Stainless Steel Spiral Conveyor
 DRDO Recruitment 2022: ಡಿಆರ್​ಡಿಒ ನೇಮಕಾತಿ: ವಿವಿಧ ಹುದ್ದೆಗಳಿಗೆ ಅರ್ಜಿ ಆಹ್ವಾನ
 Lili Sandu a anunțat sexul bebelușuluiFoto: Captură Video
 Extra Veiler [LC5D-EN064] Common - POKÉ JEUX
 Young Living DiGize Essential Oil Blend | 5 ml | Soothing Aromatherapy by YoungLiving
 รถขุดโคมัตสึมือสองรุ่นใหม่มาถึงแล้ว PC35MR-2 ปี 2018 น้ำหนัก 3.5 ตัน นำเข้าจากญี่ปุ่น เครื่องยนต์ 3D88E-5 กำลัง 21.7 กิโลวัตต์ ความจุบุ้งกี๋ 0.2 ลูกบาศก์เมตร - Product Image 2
····················
EXERCISE INSTRUCTIONS —
Each record should come back exactly as written.

RESULT OF THE TASK —
Stainless Steel Spiral Conveyor
 DRDO Recruitment 2022: ಡಿಆರ್​ಡಿಒ ನೇಮಕಾತಿ: ವಿವಿಧ ಹುದ್ದೆಗಳಿಗೆ ಅರ್ಜಿ ಆಹ್ವಾನ
 Lili Sandu a anunțat sexul bebelușuluiFoto: Captură Video
 Extra Veiler [LC5D-EN064] Common - POKÉ JEUX
 Young Living DiGize Essential Oil Blend | 5 ml | Soothing Aromatherapy by YoungLiving
 รถขุดโคมัตสึมือสองรุ่นใหม่มาถึงแล้ว PC35MR-2 ปี 2018 น้ำหนัก 3.5 ตัน นำเข้าจากญี่ปุ่น เครื่องยนต์ 3D88E-5 กำลัง 21.7 กิโลวัตต์ ความจุบุ้งกี๋ 0.2 ลูกบาศก์เมตร - Product Image 2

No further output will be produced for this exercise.